> About this exercise
All lines from the one containing "VANESA - Acid & Peak Time Techno [DJ SET #08]" through the end of the material below are to be printed exactly, both ends included, minus pictures.

> Data below
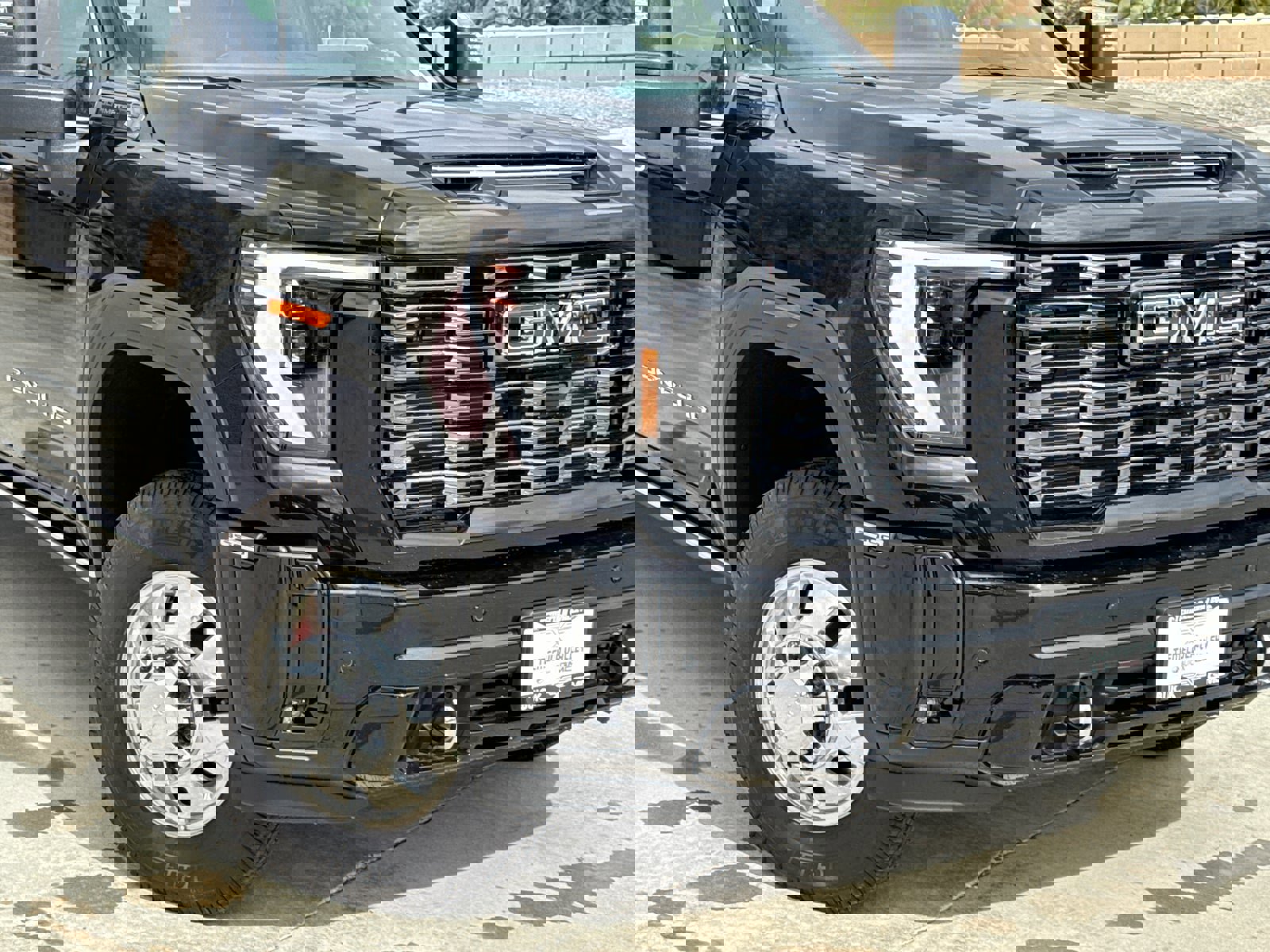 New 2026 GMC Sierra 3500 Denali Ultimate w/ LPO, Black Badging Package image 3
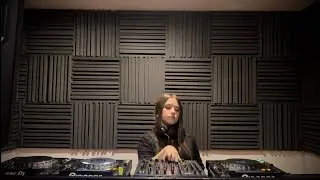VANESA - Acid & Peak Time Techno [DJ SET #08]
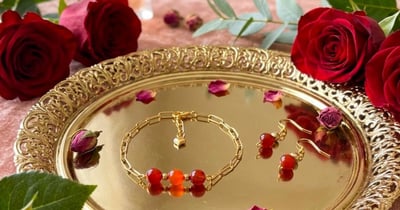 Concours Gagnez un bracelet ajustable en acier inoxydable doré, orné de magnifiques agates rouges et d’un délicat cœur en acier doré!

> Response
VANESA - Acid & Peak Time Techno [DJ SET #08]
 Concours Gagnez un bracelet ajustable en acier inoxydable doré, orné de magnifiques agates rouges et d’un délicat cœur en acier doré!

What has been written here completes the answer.